DESCRIPTION OF THE TASK:
Please print the line that holds "Woman having fun" and each line after it to the end of the data, word for word, without any pictures.

INPUT DATA Start Marker

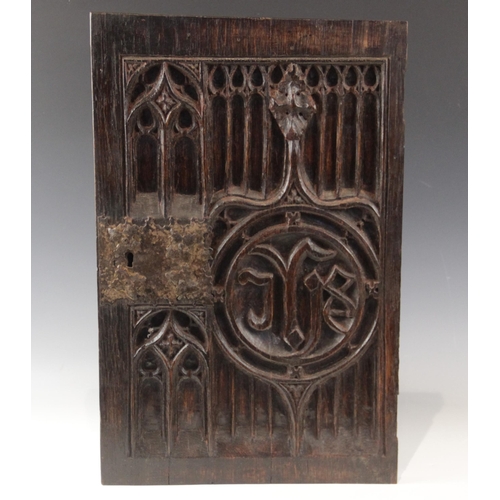 433 - An early 16th century oak tracery carved door, with applied iron lock plate, 57cm high x 37cm wide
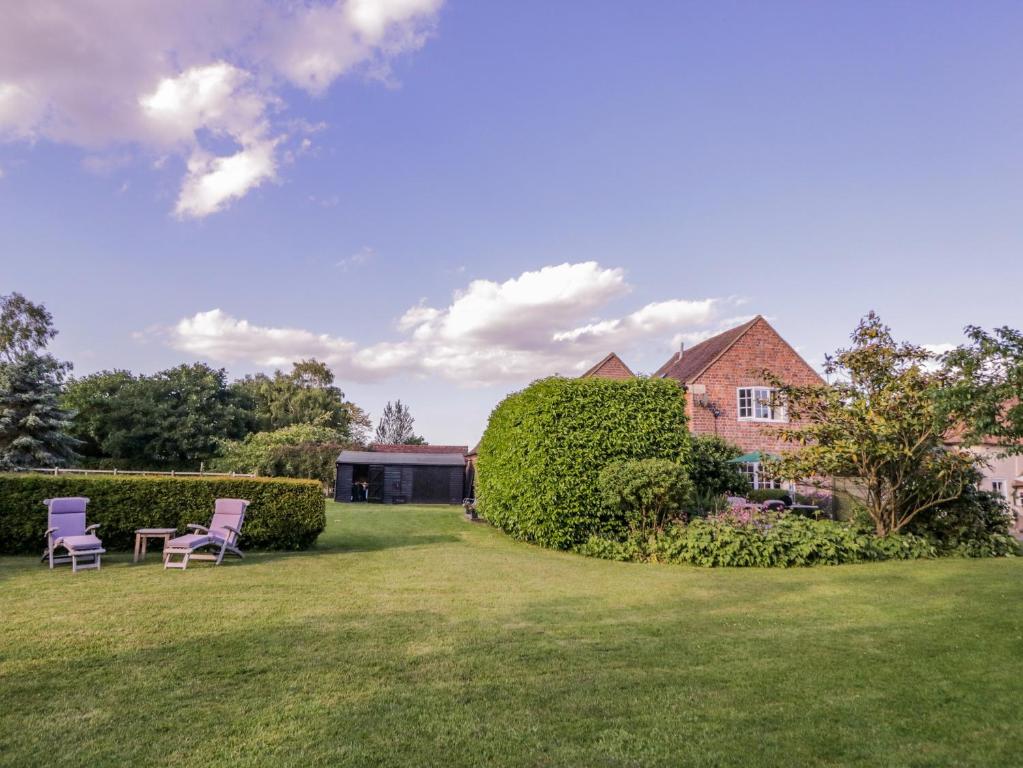 a yard with two chairs and a house at Little Pontus in Canterbury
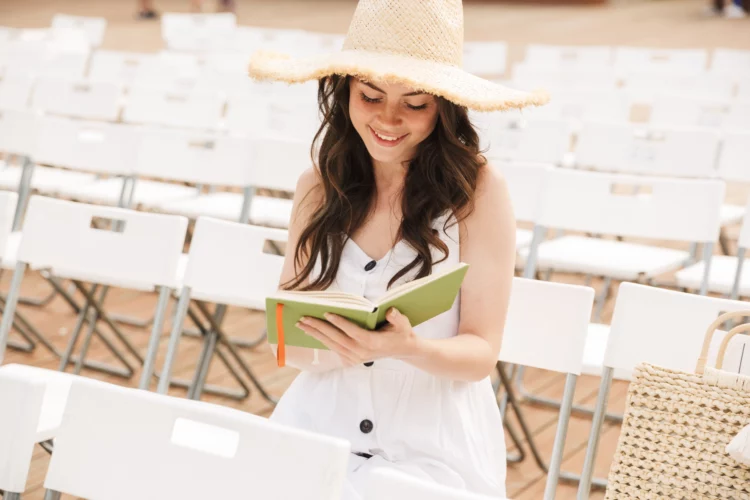 alluring woman wearing straw hat smiling and holding diary book while sitting in a chair at a park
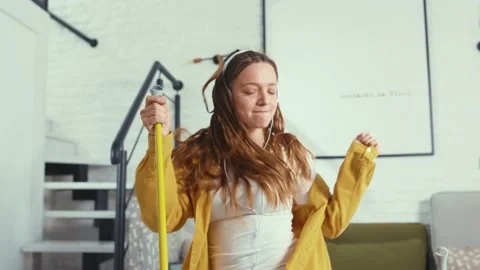 Woman having fun during clean-up singing and dancing with mop enjoying music in Stock Footage 132533360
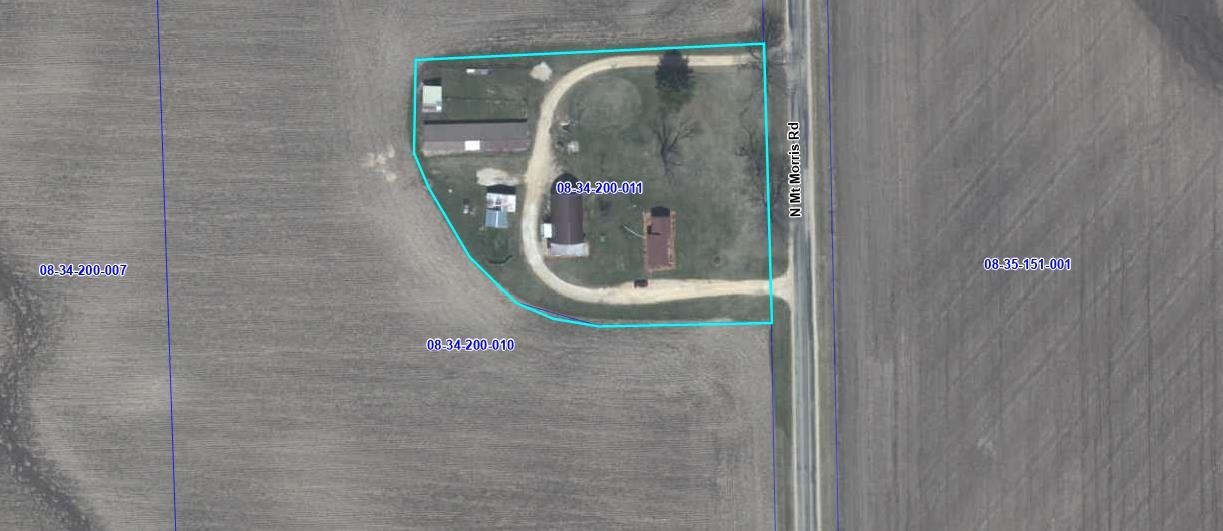 1684 North Mt Morris Road Mount Morris, IL 61054 - Photo 44 of 44 a bathroom with a mirror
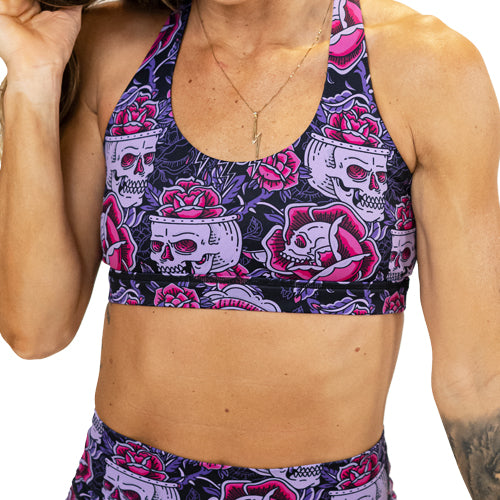front view of inked skull print sports bra
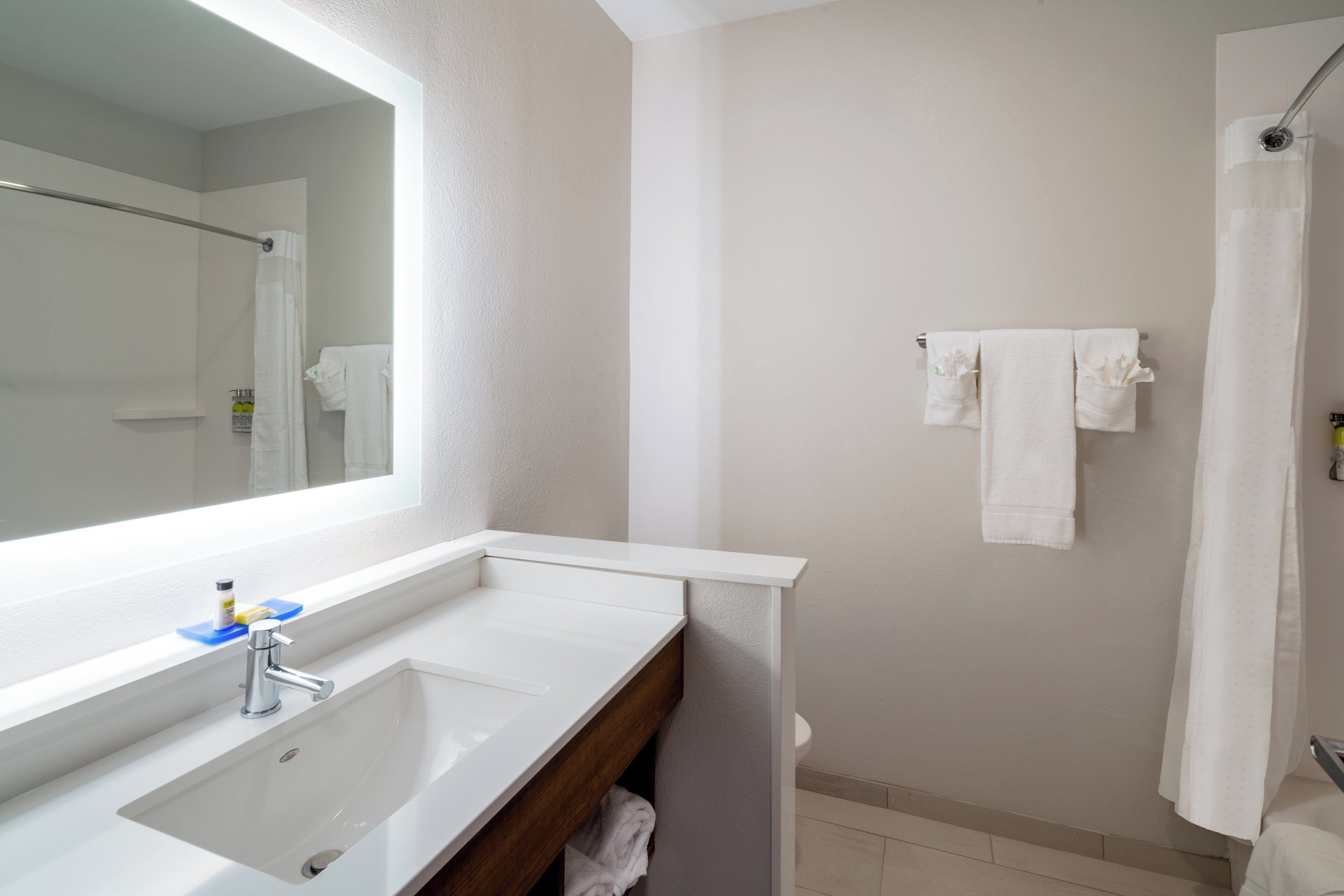 A bathroom with a white sink, a mirror, and a shower curtain.
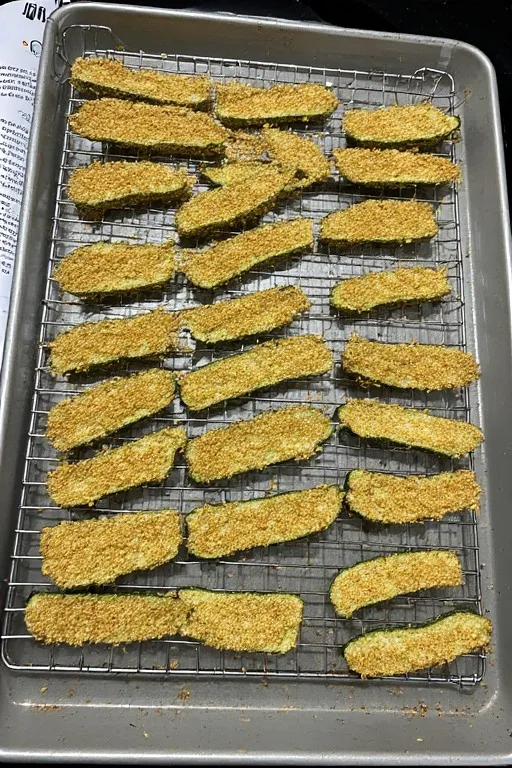 Coated keto zucchini fries arranged in single layer on wire rack ready to bake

INPUT DATA End Marker

ANSWER:
 Woman having fun during clean-up singing and dancing with mop enjoying music in Stock Footage 132533360
 1684 North Mt Morris Road Mount Morris, IL 61054 - Photo 44 of 44 a bathroom with a mirror
front view of inked skull print sports bra
 A bathroom with a white sink, a mirror, and a shower curtain.
 Coated keto zucchini fries arranged in single layer on wire rack ready to bake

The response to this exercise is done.